Segment Start: Dataset

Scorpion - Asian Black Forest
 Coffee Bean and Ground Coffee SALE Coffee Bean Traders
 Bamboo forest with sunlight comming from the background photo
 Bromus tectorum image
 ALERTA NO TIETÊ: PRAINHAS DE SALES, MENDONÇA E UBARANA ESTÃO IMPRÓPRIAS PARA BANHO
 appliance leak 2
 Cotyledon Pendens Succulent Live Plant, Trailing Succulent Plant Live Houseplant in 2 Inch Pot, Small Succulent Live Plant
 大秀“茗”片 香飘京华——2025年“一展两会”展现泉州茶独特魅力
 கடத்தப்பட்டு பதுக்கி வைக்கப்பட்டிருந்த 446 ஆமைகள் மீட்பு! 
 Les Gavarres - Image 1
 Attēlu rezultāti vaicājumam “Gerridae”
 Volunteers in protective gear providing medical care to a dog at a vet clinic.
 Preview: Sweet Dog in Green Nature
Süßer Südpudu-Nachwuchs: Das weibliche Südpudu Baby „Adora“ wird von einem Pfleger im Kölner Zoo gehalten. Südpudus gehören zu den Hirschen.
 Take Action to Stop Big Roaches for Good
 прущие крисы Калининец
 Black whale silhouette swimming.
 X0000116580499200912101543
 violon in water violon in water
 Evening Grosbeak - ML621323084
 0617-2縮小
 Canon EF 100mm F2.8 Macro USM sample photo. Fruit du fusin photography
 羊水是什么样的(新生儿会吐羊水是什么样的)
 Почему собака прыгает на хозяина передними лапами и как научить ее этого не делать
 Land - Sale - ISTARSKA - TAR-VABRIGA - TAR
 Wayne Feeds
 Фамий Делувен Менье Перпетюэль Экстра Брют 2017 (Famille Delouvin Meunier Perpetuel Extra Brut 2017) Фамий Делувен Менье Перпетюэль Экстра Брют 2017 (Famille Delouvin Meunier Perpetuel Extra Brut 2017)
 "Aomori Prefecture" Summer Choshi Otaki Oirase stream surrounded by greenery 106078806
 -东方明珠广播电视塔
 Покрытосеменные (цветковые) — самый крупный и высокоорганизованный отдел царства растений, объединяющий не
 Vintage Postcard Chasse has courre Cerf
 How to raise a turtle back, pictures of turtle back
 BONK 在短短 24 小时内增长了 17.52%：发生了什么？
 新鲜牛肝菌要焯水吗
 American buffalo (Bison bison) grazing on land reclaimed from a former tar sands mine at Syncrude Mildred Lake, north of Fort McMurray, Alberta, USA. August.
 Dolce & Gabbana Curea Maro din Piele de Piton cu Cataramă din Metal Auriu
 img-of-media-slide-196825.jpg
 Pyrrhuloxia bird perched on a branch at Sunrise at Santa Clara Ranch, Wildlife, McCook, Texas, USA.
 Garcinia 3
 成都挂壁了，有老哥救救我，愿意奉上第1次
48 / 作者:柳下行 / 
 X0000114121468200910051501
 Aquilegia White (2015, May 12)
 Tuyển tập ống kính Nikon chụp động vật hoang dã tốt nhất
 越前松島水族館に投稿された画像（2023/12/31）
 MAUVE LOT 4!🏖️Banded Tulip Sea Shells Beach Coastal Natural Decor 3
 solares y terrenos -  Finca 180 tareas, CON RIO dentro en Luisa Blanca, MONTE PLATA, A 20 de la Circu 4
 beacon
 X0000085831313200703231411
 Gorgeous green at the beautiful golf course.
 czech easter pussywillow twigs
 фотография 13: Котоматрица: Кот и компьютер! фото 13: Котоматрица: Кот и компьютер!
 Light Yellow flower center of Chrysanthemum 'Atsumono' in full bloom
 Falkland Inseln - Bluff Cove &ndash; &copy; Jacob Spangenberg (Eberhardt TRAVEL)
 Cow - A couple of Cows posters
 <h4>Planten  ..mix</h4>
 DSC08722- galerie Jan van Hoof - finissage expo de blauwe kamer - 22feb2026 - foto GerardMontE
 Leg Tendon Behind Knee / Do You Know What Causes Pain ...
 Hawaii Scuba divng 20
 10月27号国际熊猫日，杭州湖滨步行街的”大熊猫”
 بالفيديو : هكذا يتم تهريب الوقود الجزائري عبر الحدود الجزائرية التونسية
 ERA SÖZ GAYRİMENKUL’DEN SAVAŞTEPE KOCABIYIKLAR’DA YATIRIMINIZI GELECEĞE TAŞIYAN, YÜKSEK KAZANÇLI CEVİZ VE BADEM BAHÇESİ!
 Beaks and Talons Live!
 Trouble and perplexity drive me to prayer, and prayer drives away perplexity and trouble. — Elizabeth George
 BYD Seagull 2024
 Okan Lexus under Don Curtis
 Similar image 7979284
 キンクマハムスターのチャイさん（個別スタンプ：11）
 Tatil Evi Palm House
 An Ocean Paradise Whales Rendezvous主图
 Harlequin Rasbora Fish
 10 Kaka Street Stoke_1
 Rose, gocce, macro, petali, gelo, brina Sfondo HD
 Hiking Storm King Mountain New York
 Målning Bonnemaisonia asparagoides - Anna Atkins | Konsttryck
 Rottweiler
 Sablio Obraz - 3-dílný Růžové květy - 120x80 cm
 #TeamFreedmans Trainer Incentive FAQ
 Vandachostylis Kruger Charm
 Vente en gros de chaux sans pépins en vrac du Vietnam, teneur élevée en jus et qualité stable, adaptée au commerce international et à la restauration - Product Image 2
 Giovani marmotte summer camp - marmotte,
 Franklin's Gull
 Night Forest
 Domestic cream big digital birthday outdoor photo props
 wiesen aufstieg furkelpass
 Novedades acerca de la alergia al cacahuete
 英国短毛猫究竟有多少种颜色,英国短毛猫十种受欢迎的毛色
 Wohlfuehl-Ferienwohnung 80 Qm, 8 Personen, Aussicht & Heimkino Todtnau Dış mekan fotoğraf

Segment End: Dataset

• _Work request_: Above are the records. Copy the lines beginning at the one that has "violon in water violon in water" and ending with the one that has "Brut 2017) Фамий", unchanged.

• _Solution to the exercise_:
 violon in water violon in water
 Evening Grosbeak - ML621323084
 0617-2縮小
 Canon EF 100mm F2.8 Macro USM sample photo. Fruit du fusin photography
 羊水是什么样的(新生儿会吐羊水是什么样的)
 Почему собака прыгает на хозяина передними лапами и как научить ее этого не делать
 Land - Sale - ISTARSKA - TAR-VABRIGA - TAR
 Wayne Feeds
 Фамий Делувен Менье Перпетюэль Экстра Брют 2017 (Famille Delouvin Meunier Perpetuel Extra Brut 2017) Фамий Делувен Менье Перпетюэль Экстра Брют 2017 (Famille Delouvin Meunier Perpetuel Extra Brut 2017)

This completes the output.